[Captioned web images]

________________________

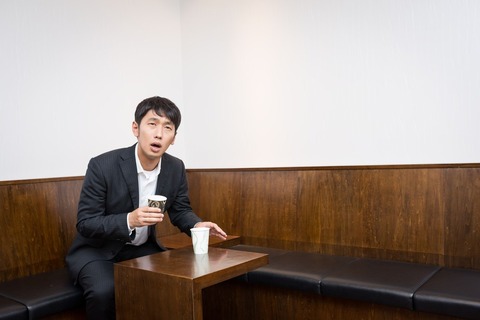 BL004-cofeewohiototuoitekebori20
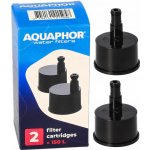 Aquaphor City 2 ks – Zboží Mobilmania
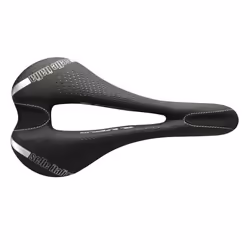 Selle Selle Italia Max SLR Boost Gel Superflow L3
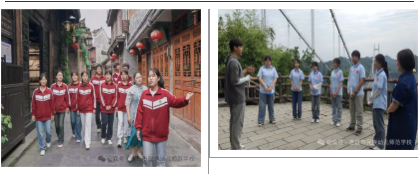 公办中职吉首市民族幼儿师范学校招生简章（2025年）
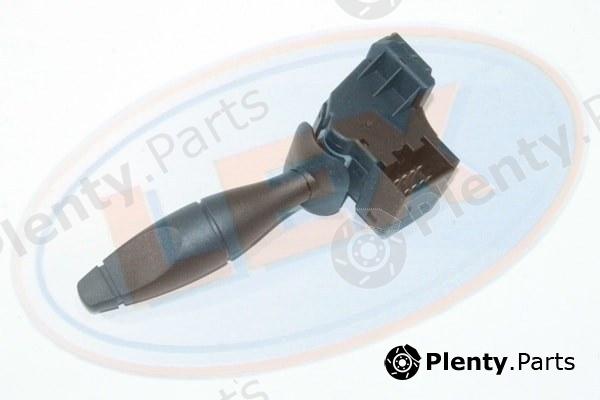  LEX part PY-4649 (PY4649) Replacement part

________________________

Repeat the data above exactly; images are not part of the copy.

 BL004-cofeewohiototuoitekebori20
 Aquaphor City 2 ks – Zboží Mobilmania
 Selle Selle Italia Max SLR Boost Gel Superflow L3
 公办中职吉首市民族幼儿师范学校招生简章（2025年）
  LEX part PY-4649 (PY4649) Replacement part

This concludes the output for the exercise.